Margaret Thatcher, Plastics and Politics

Peter Davis, Director-General of the British Plastics Federation, looks back at the involvement Britain’s first female Prime Minister had with the plastics industry.

Today [08/04/13] we heard the sad news that Britain's first woman Prime Minister has died.  Not so well known is her time in the Plastics Industry.

It was in 1947 that BX Plastics, based in Manningtree, Essex, took on 17 new researchers. Three were women and one of them was the newly graduated Margaret Roberts. Each was paid £350 per annum.

Margaret Roberts was working at BX on surface tensions to develop an adhesive to stick PVC to wood or metal.  The Technical Director said she was "very conscientious, hard working," but not too popular with her colleagues.

I got to know Margaret Thatcher when I became Special Advisor to the then Secretary of State for the Environment, Kenneth Baker. She approved my appointment.
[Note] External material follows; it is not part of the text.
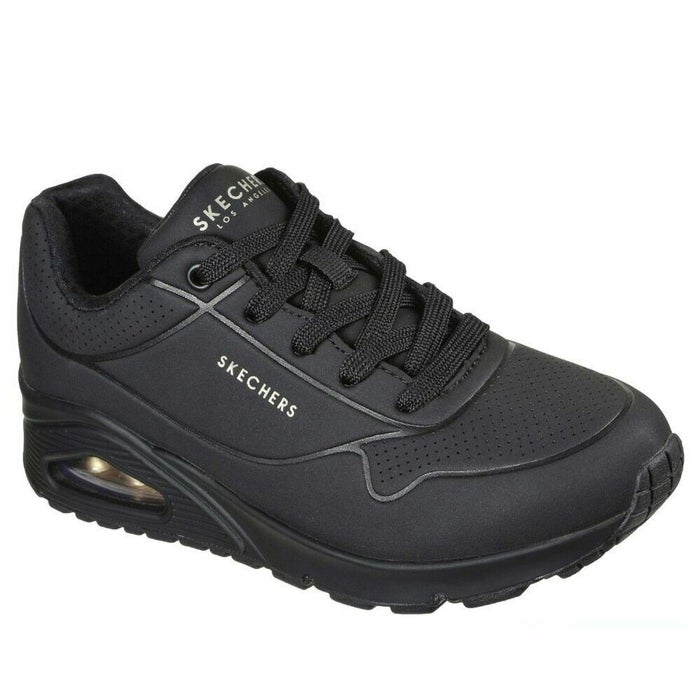 SKECHERS スケッチャーズ uno レディース スニーカー 厚底 シューズ エアクッション 73690 ウノ スタンド オン エア UNO-STAND ON AIR ストリート 普通幅 カジュアル 紐靴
They were heady times in her Government with huge, overdue reforms being implemented, deficit reduction (sound familiar?), and the collapse of the Iron Curtain. And then there were the conflicts: the Miners Strike and the Falklands War. It was an exciting time of real change and I would not have missed it for the world.

Mrs Thatcher had a regular meeting with all Special Advisers like me.  She was very well briefed with notes in a green felt pen on manilla paper, and you had to make sure you were as well, on every aspect of your Department's activities. 

She said during one election: "You may not like me but you know what I stand for.”  From my close perspective she was the leading Prime Minister for many decades and leaves a lasting legacy which will endure.